Roman Hrybov, a Ukrainian border guard, was serving on Snake Island – a rocky outcrop south of the port of Odessa – when it came under Russian air and sea bombardment on the first day of Russia’s invasion of Ukraine.

When the detachment was ordered to lay down their arms, Hrybov radioed back with a defiant, “Russian warship, go fuck yourself.”

According to initial reports, 13 border guards have died on the island after refusing to surrender. But just days later, Ukraine’s state border guard said the soldiers were still alive and had been captured by Russia.

Adding to the confusion, Ukraine’s parliament later said that 19 soldiers (not 13 as originally reported) had been released as part of the first major prisoner swap with Russia. In an interview with Russian journalists on Sunday, Zekensky said that “some of the soldiers died, some were captured.”

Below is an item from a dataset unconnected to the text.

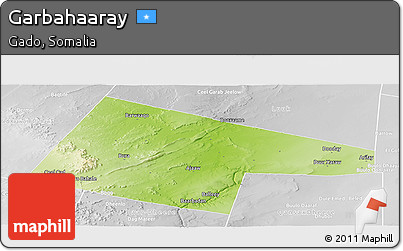 Physical Panoramic Map of Garbahaaray, lighten, desaturated
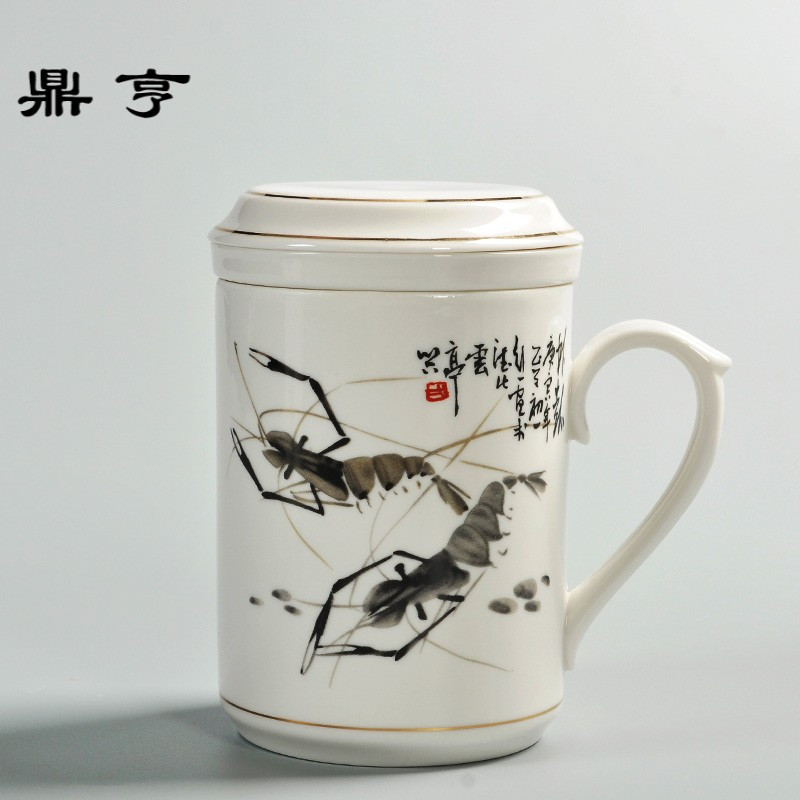 鼎亨德化玉瓷陶瓷三件杯茶杯带盖过滤网内胆水杯家用办公杯马克杯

“All prisoners were exchanged. Russia made this proposal. We exchanged them without hesitation… Those who died are heroes,” Zelenskyy said.

The Defense Ministry of Ukraine said on Tuesday that Hrybov is now at home in the city of Cherkasy and tweeted a video of Hrybov receiving a medal for his actions from local authorities.

Footage of the radio exchange on Snake Island, in which Hrybov was involved, received widespread internet coverage and quickly spread across various social media channels. The phrase became a rallying cry for the defenders of Ukraine and was honored on a postage stamp of Ukraine.

The use of the phrase by Ukrainian society has been praised as one of the examples of how the country attempted to undermine the legitimacy of the Russian invasion through non-military means.

However, the Snake Island incident has also been cited as a case study of how uncorroborated information could spread during the war.